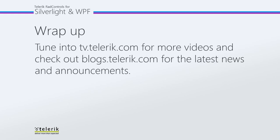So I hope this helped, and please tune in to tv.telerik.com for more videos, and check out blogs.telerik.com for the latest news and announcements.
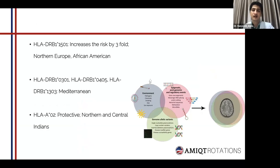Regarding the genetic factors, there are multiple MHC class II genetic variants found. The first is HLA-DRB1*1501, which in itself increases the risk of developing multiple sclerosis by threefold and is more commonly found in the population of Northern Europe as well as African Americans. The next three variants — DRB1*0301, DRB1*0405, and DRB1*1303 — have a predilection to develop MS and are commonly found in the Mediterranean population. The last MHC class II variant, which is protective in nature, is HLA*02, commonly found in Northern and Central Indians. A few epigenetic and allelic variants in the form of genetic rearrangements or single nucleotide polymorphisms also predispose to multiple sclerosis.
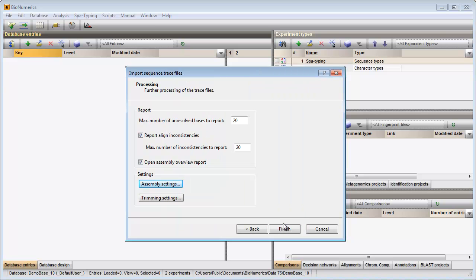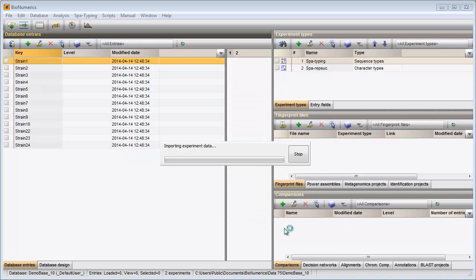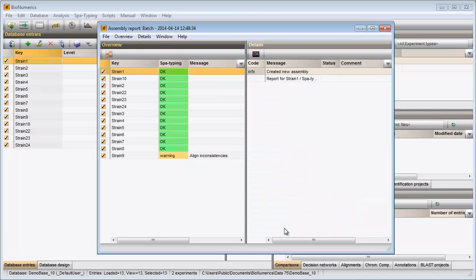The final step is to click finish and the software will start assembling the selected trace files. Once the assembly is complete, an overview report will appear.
□ □ □ □ □
_WHAT IS BEING ASKED_. When you set down the material above, keep every word exact and include no pictures.

_TASK RESULT_.
So I hope this helped, and please tune in to tv.telerik.com for more videos, and check out blogs.telerik.com for the latest news and announcements.
Regarding the genetic factors, there are multiple MHC class II genetic variants found. The first is HLA-DRB1*1501, which in itself increases the risk of developing multiple sclerosis by threefold and is more commonly found in the population of Northern Europe as well as African Americans. The next three variants — DRB1*0301, DRB1*0405, and DRB1*1303 — have a predilection to develop MS and are commonly found in the Mediterranean population. The last MHC class II variant, which is protective in nature, is HLA*02, commonly found in Northern and Central Indians. A few epigenetic and allelic variants in the form of genetic rearrangements or single nucleotide polymorphisms also predispose to multiple sclerosis.
The final step is to click finish and the software will start assembling the selected trace files. Once the assembly is complete, an overview report will appear.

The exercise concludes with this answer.